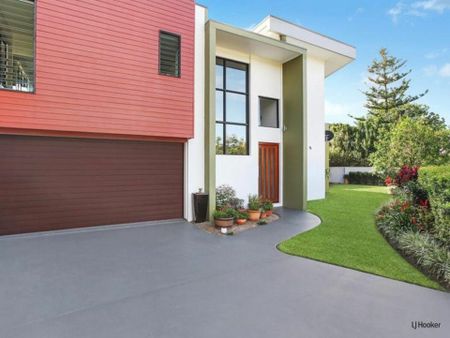 SHORT TERM LEASE AVAILABLE - Photo 5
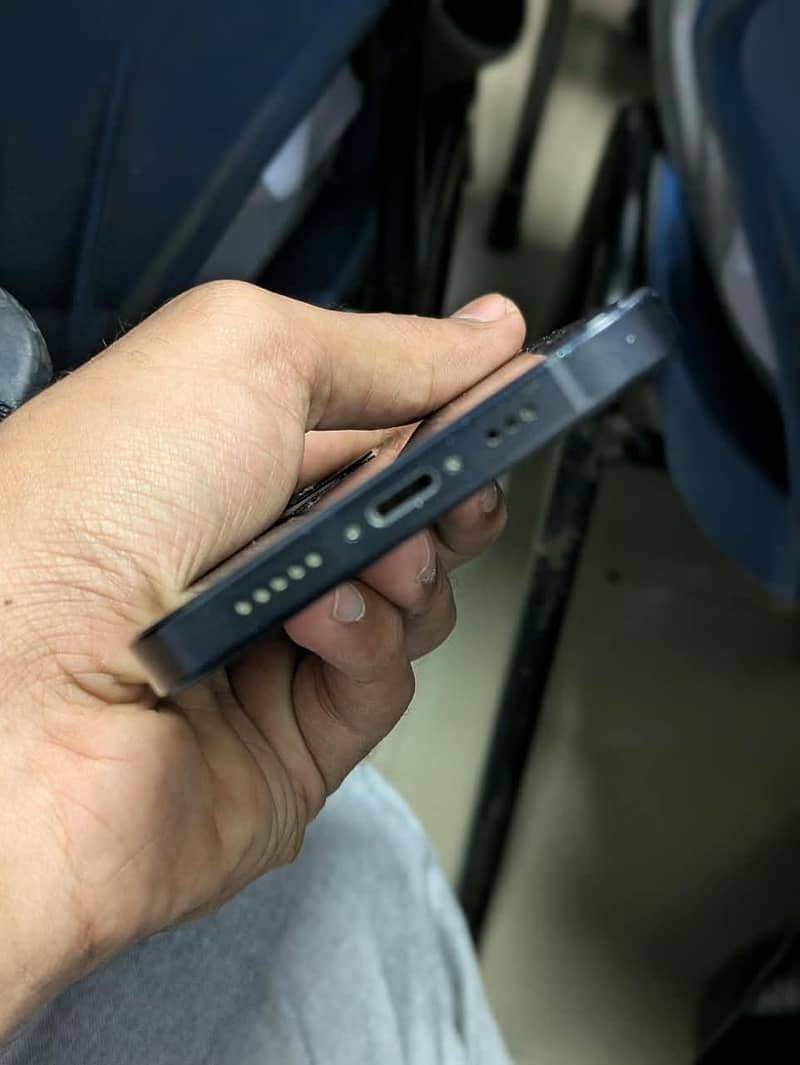 Apple iPhone 12 2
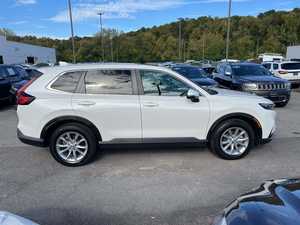 Blanco 2024, Asientos de Cuero Usados, Sistema de Navegación, Arranque Remoto, Techo Panorámico, Android Auto, Llantas de Aleación, Neumáticos R18 - Product Image 6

= Activity =
Drop every image, please, and write out the data above exactly as shown.

= Result of the task =
 SHORT TERM LEASE AVAILABLE - Photo 5
 Apple iPhone 12 2
 Blanco 2024, Asientos de Cuero Usados, Sistema de Navegación, Arranque Remoto, Techo Panorámico, Android Auto, Llantas de Aleación, Neumáticos R18 - Product Image 6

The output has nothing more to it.